Object-based storage(OBS) manages data as objects, as opposed to other storage architectures like file systems which manage data as a file hierarchy. OBS has a lot of benefits such as performance, but in order to support a lot of legacy applications, a file system interface is a must. I have done a few such work. According to my experience, it is feasible to implement such a driver for typical OS systems, such as EMC Atmos, OpenStack Swift, Scality RING, Caringo Swarm, OpenIO and DDN WOS. Besides the operating system file system interfaces, it is convenient and must to have a Hadoop File System compatible interface for Apache Spark/Hadoop to analyze unstructured data in OBS.

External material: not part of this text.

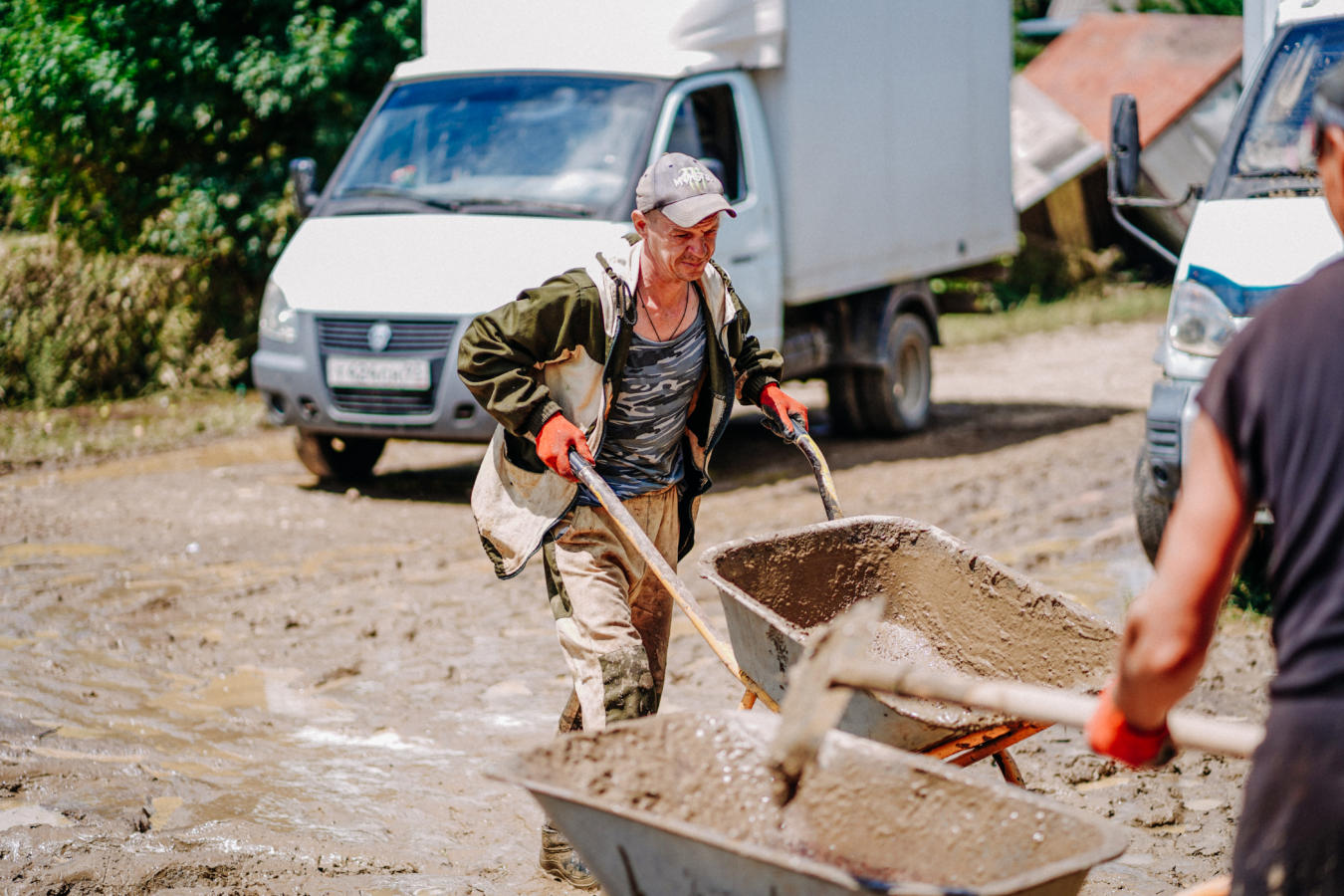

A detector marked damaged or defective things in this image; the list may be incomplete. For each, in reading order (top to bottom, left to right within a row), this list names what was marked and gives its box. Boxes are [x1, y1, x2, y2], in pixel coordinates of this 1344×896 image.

rusted metal roof [1027, 12, 1242, 147] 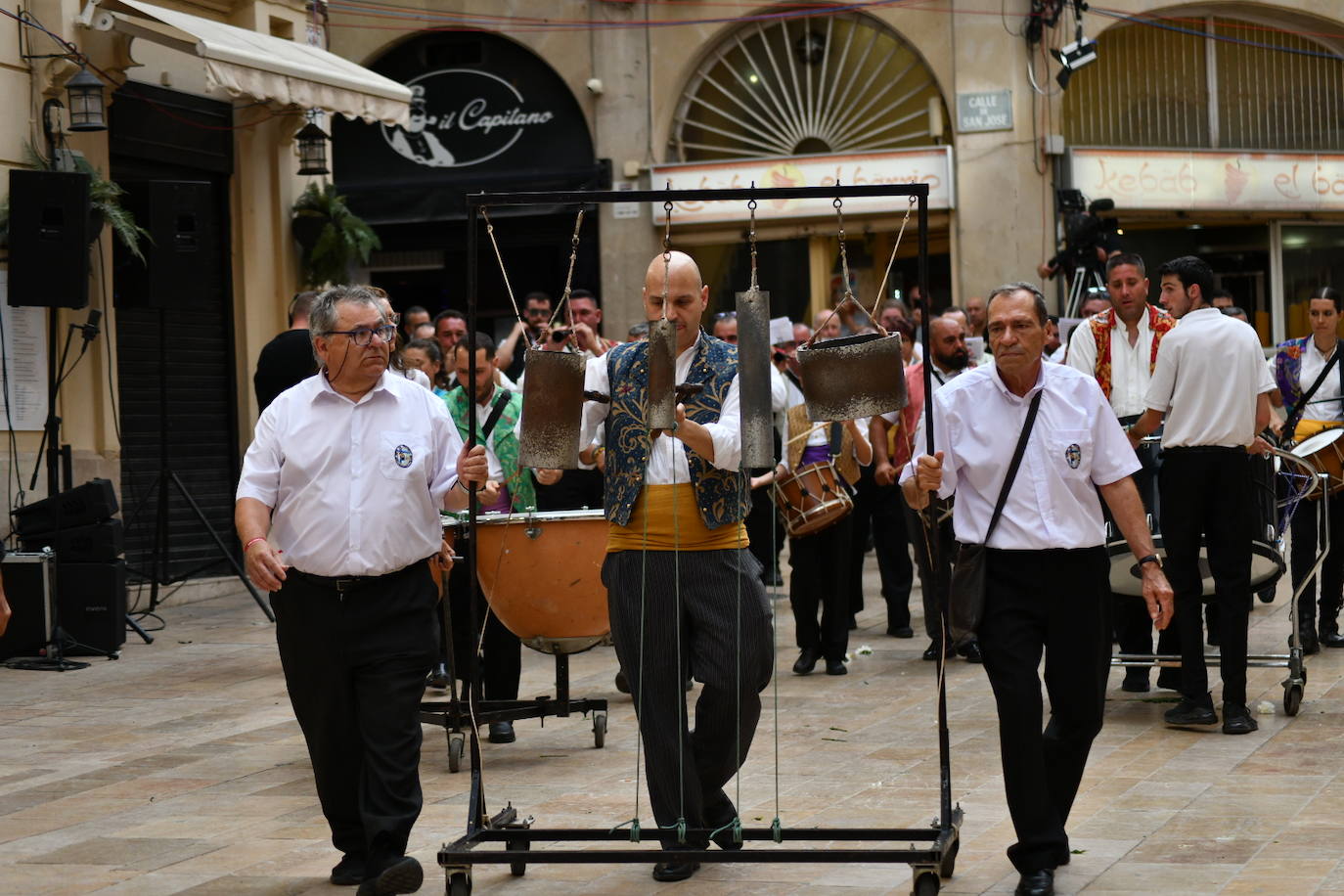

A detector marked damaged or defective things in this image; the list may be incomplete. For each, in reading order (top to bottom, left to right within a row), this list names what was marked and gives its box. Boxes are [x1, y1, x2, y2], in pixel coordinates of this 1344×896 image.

rusty metal bell [515, 346, 586, 470]
rusty metal bell [789, 333, 908, 424]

In short, BigDOS is a Decentralized File System for Unstructured Big Data. The Linux file system driver is developed by c++. The driver uses Cassandra for file profile and uses an Object Storage System for file contents. BigDOS.pdf is the Product Whitepaper.
It is critical to design metadata server. There are a few options to choose, such as RDBMS (such as MySQL), NonSQL DB (such as Cassandra), even an existing file system. Following the choice of platform, the most important non-function feature is performance, due to the possible high frequency file operations.

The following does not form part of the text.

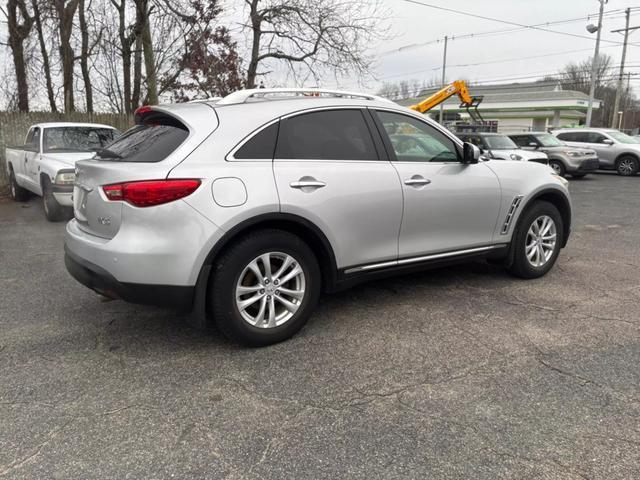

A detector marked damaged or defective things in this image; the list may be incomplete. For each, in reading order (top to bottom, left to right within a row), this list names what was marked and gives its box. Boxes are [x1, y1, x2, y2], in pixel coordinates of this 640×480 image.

cracked pavement [1, 173, 640, 480] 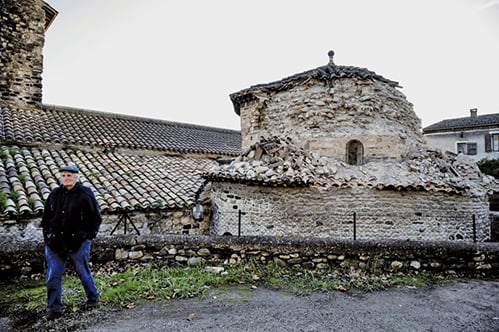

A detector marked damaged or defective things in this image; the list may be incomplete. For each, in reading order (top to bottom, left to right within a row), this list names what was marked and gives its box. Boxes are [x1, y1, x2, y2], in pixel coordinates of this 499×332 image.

damaged stone church [206, 50, 496, 241]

CREATE KEYSPACE BigDOS_sys WITH replication = {'class': 'SimpleStrategy', 'replication_factor': '1'} AND durable_writes = true;
CREATE TABLE BigDOS_sys.BigDOS_groups (
groupid int PRIMARY KEY,
displayname text,
members set<int>,
membernames set<text>
);
CREATE ROLE dba WITH PASSWORD = 'dba' AND LOGIN = true AND SUPERUSER = false;
CREATE TABLE BigDOS_sys.BigDOS_dba (
loginrole text PRIMARY KEY,
alwayscache boolean,
cachefolder text,
dbname text,
displayname text,
linux_belongedgroups set<bigint>,
linux_primarygroupid bigint,
linux_primarygroupname text,
linux_userid bigint,
mountfolder text,
ttl_read bigint,
ttl_write bigint,
wosdel boolean,
wosip text,
wospolicy text,
license_code text
);
insert into BigDOS_sys.BigDOS_dba(loginrole, displayname,linux_userid, linux_primarygroupid ,linux_primarygroupname , linux_belongedgroups, wosip, wospolicy, wosdel, dbname, mountfolder, cachefolder,alwayscache, ttl_read, ttl_write, license_code)

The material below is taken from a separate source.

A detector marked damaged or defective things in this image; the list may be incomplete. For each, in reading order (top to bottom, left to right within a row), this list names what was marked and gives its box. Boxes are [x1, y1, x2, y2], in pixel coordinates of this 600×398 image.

values ('dba','dba',0, 0, 'Administrators', {0},'192.168.2.16', 'all', false,'BigDOS_app1','/root/BigDOS_app1', '/root/BigDOS_app1.file',false, 600,600,'Evaluation');
GRANT SELECT ON KEYSPACE BigDOS_sys TO dba;
GRANT MODIFY ON KEYSPACE BigDOS_sys TO dba;
GRANT SELECT ON KEYSPACE BigDOS_app1 TO dba;
GRANT MODIFY ON KEYSPACE BigDOS_app1 TO dba;
CREATE ROLE shenzhen WITH PASSWORD = 'shenzhen' AND LOGIN = true AND SUPERUSER = false;
CREATE TABLE BigDOS_sys.BigDOS_shenzhen (
loginrole text PRIMARY KEY,
alwayscache boolean,
cachefolder text,
dbname text,
displayname text,
linux_belongedgroups set<bigint>,
linux_primarygroupid bigint,
linux_primarygroupname text,
linux_userid bigint,
mountfolder text,
ttl_read bigint,
ttl_write bigint,
wosdel boolean,
wosip text,
wospolicy text,
license_code text
);
insert into BigDOS_sys.BigDOS_shenzhen(loginrole,displayname, linux_userid, linux_primarygroupid ,linux_primarygroupname , linux_belongedgroups, wosip, wospolicy, wosdel, dbname, mountfolder, cachefolder,alwayscache, ttl_read, ttl_write, license_code)
values ('shenzhen','demo user',10001, 10001, 'Common users', {10001},'192.168.2.16', 'all', false,'BigDOS_app1','/root/BigDOS_app1', '/root/BigDOS_app1.file',false, 600,600,'Evaluation');
GRANT SELECT ON BigDOS_sys.BigDOS_shenzhen TO shenzhen;
GRANT SELECT ON KEYSPACE BigDOS_app1 TO shenzhen;
GRANT MODIFY ON KEYSPACE BigDOS_app1 TO shenzhen;
insert into BigDOS_sys.BigDOS_groups (groupid, displayname,members, membernames )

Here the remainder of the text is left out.